Murielle Bolle, personnage clé de l'affaire Grégory, qui passionne la France depuis 34 ans maintenant, sort un livre jeudi 8 novembre. Publié aux éditions Michel Lafon, celui qui est intitulé Briser le silence permet à Murielle Bolle de livrer sa version des faits, mais également de clamer son innocence. À quelques jours de la sortie de son ouvrage, Murielle Bolle, qui avait accusé son beau-frère, Bernard Laroche, dans l'assassinat du petit Grégory au début de l'enquête en 1984, avant de finalement se rétracter, a choisi d'accorder un entretien exclusif au Parisien, paru dimanche 4 novembre. 

"Jamais je n'aurais pu cacher un tel crime", assure Murielle Bolle

"Le jour de la mort de Grégory, je suis sortie du collège comme d'habitude, j'ai pris le bus comme d'habitude, je me suis arrêtée chez la tante Louisette où étaient Bernard et son fils Sébastien.
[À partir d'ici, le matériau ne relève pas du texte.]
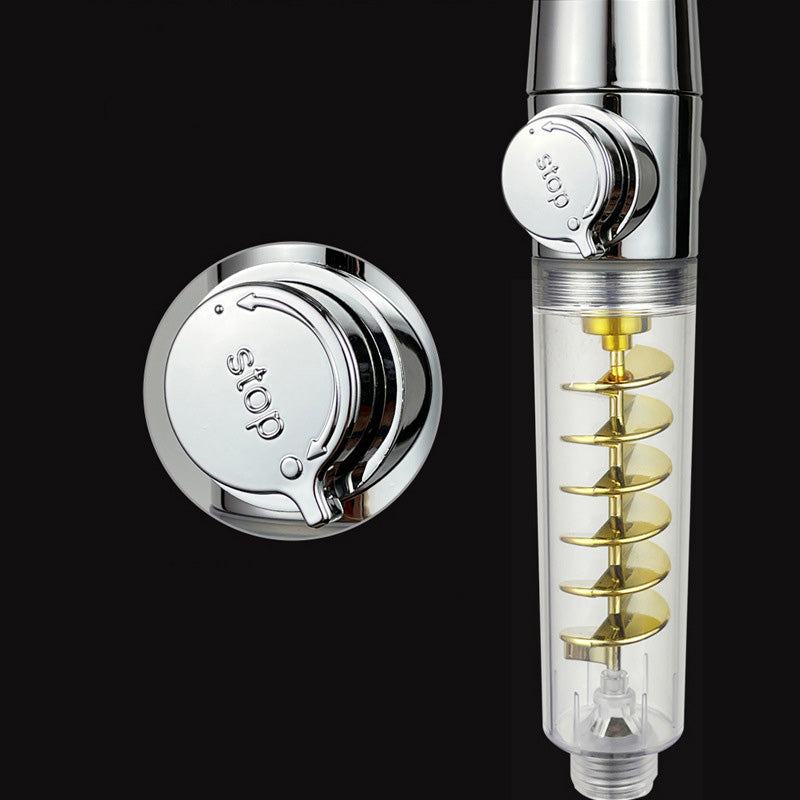 BowLift | Modern Round Handheld Showerhead Rain Spray Head made of Plastic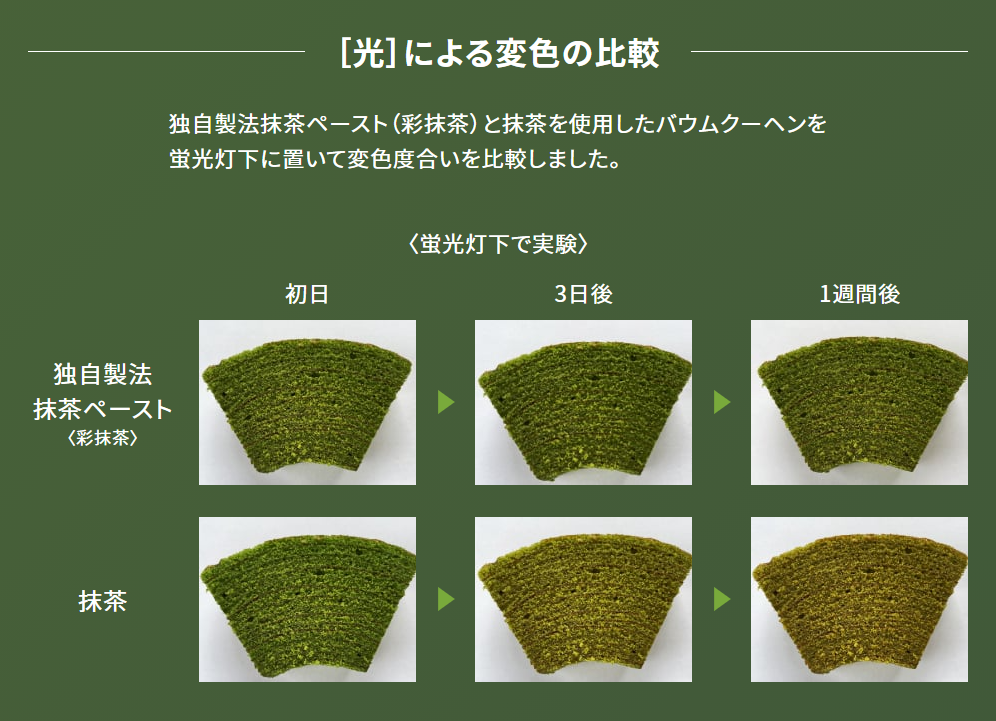 緑茶の色が変化するワケ – 白井製茶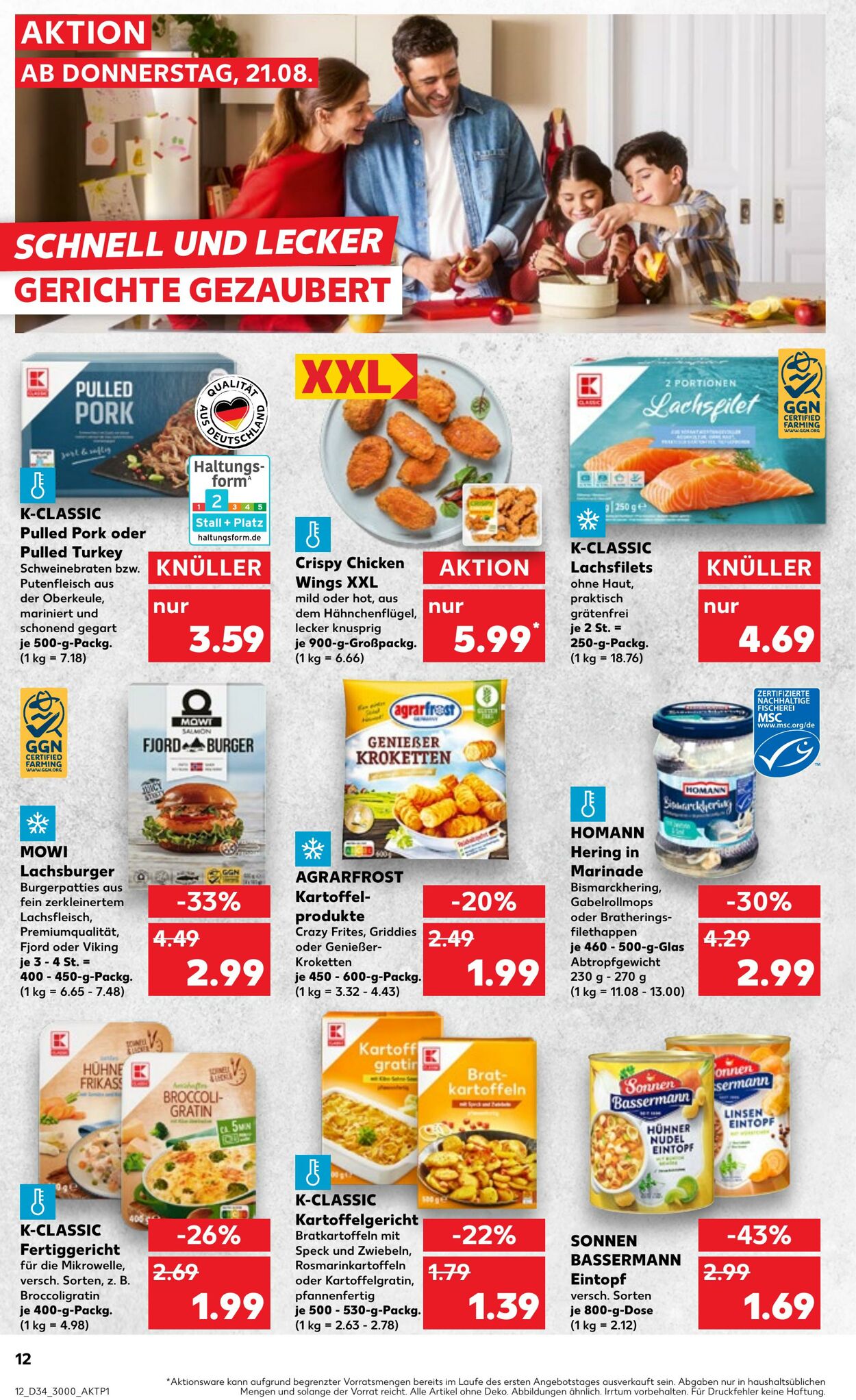 Prospekt Kaufland 21.08.2025 - 27.08.2025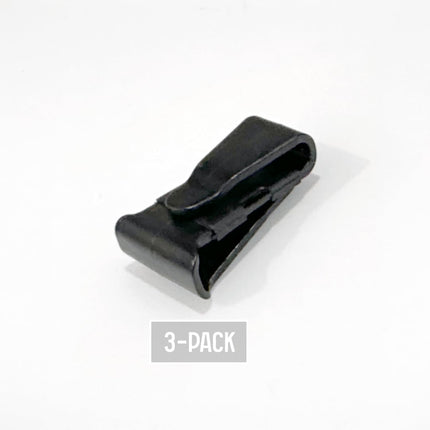 Guitar Pick Clip (3-pack) for Guitar Straps (Patented Design )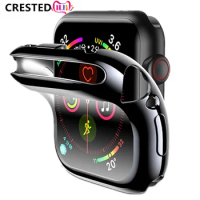 Cover Case For Apple Watch band 44mm 40mm 45mm 41mm 42mm 38mm iwatch screen protector silicone bumper apple watch 7 6 se 5 4 3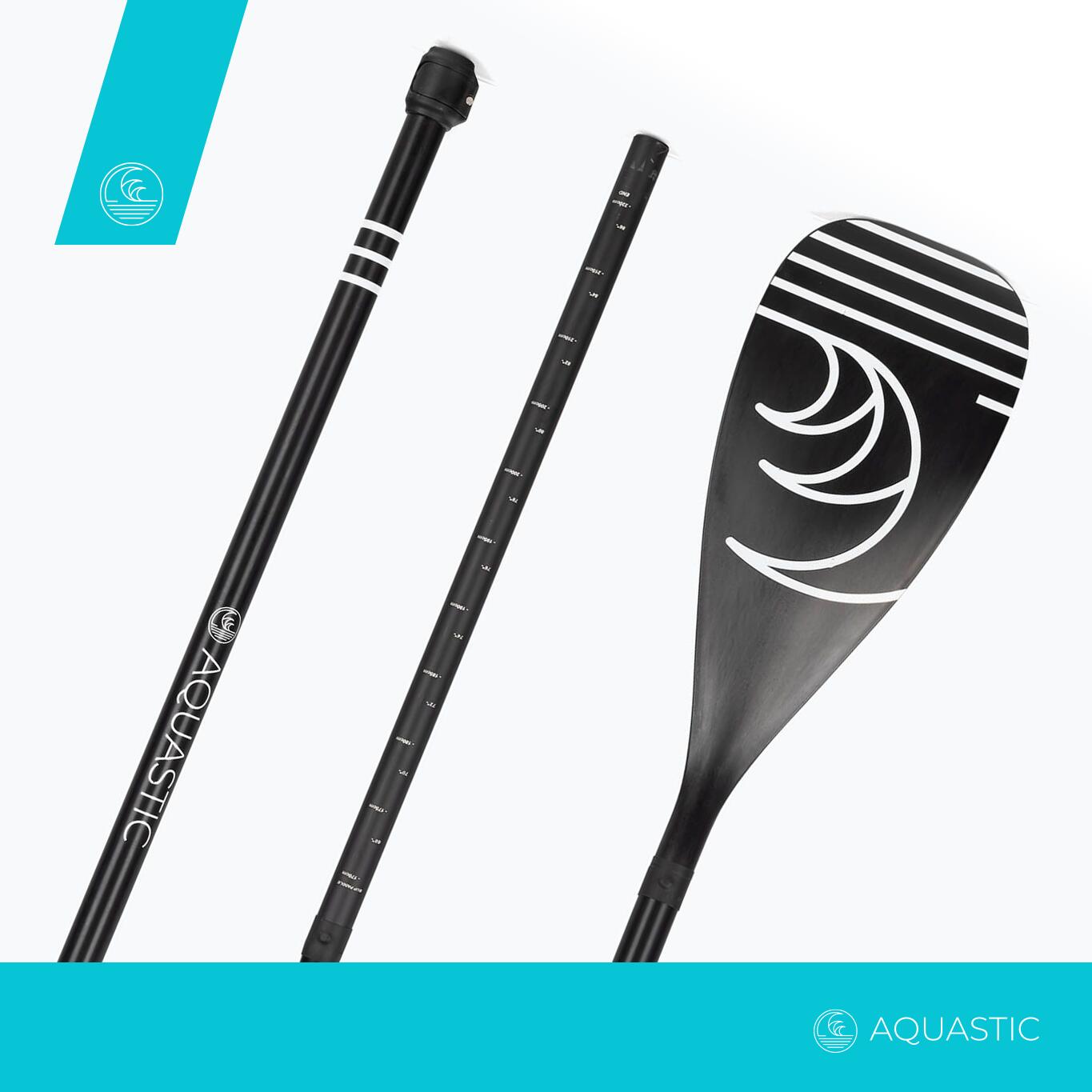 AQUASTIC 3-delige SUP-peddel, 170-220 cm 5/7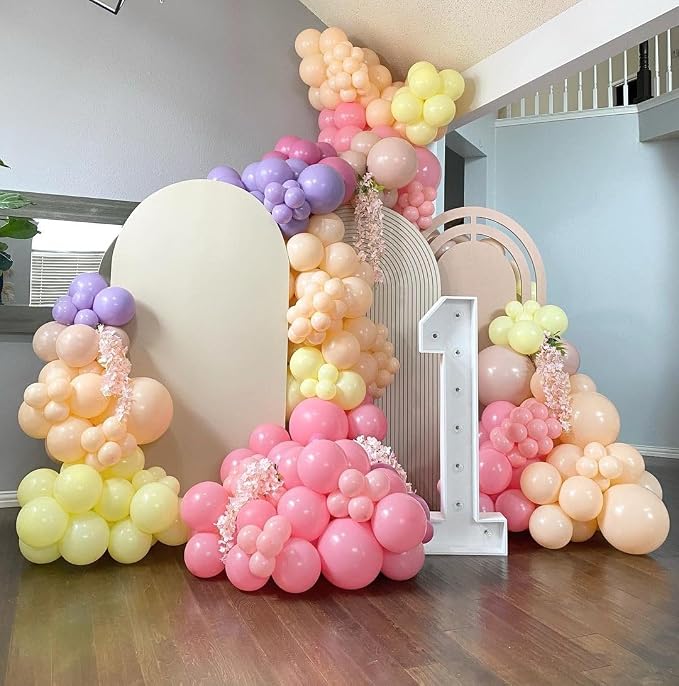 Pastel Balloon Garland Arch Kit - Image 7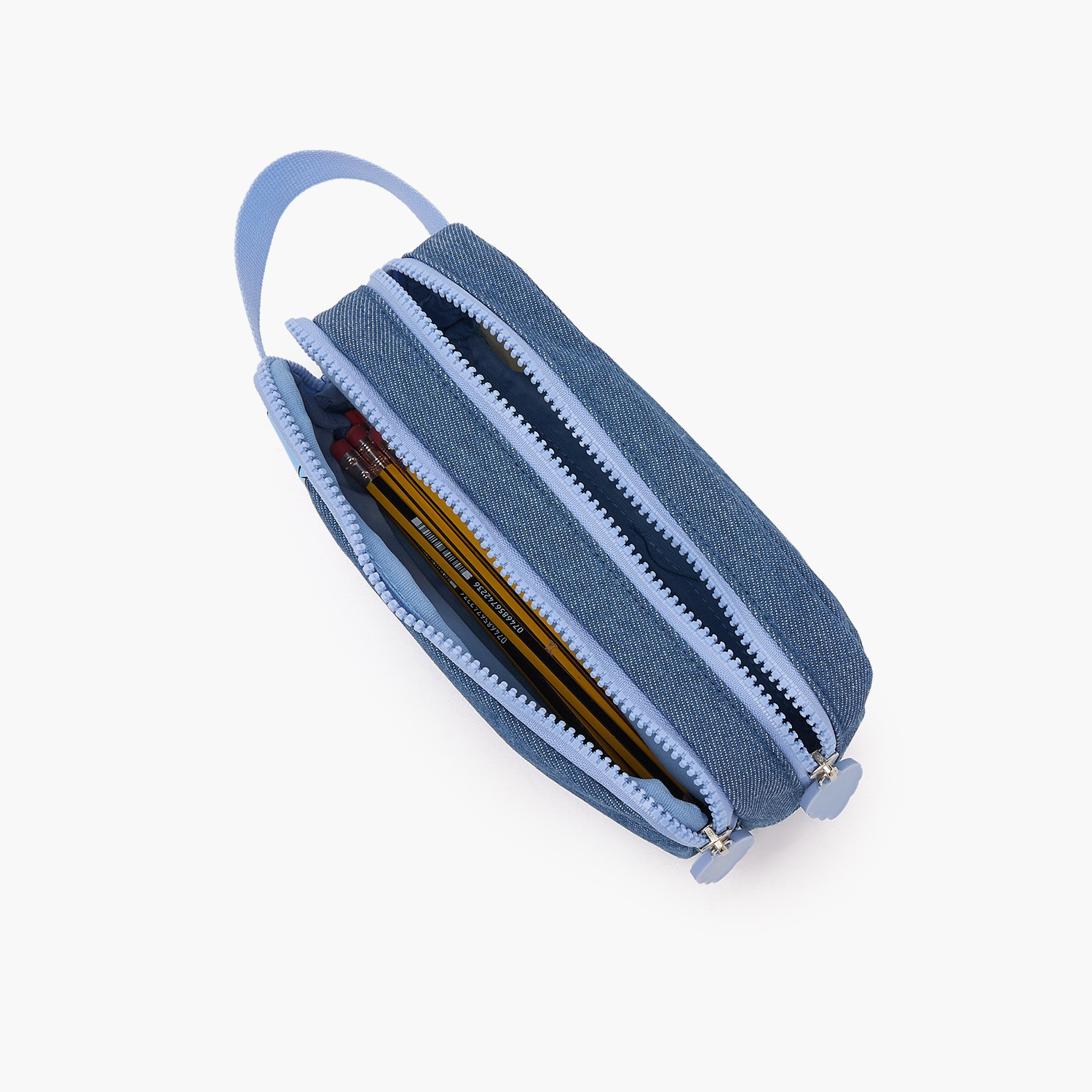 مقلمة بطبعة ستيتش بقسمين من ديزني-school-stationery-pencilcases-image-7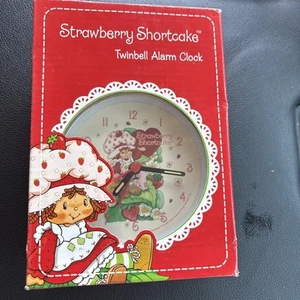 Sveglia vintage 2004 fragola shortcake doppia campana in scatola - Foto 1 di 5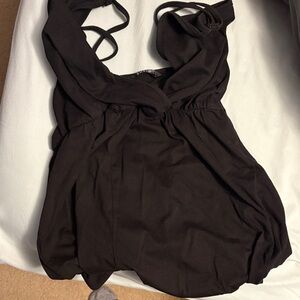 SHEIN Elegant Black V-Neck Romper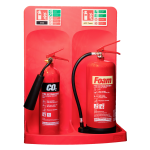 Double Fire Extinguisher Stand – RED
J'espère qu'on va enfin me croire : la justice, les parents de Grégory et l'opinion publique à laquelle j'ai été jetée en pâture", lance celle qui était âgée de 15 ans au moment du drame, lorsqu'on lui demande ce qui s'est passé le 16 octobre 1984, jour de la disparition, mais également de la mort, du petit Grégory Villemin. Pour rappel, l'enfant de 4 ans avait été retrouvé dans la soirée du 16 octobre, pieds et mains liés, dans la Vologne, une rivière située dans les Vosges.

Et celle qui explique avoir écrit ce livre "pour dire [qu'elle n'est] pas celle que l'on dit, le monstre que l'on décrit", mais également "pour la mémoire de Bernard [Laroche, le mari de sa soeur, tué par Jean-Marie Villemin, le père du petit Grégory ndlr.], de poursuivre : "Jamais je n'aurais pu cacher un tel crime, c'est horrible. L'assassinat d'un petit garçon, c'est la pire chose qui puisse arriver. Si je savais quelque chose, je le dirais. Même si ça m'arrachait le cœur et que c'était Bernard, je le dirais. Mais ce n'est pas lui. Il était là quand je suis rentrée de l'école, ça ne peut pas être lui. Bernard est un être tellement gentil et généreux que jamais il n'aurait pu faire cela. C'est un nounours. Il ne faisait de mal à personne."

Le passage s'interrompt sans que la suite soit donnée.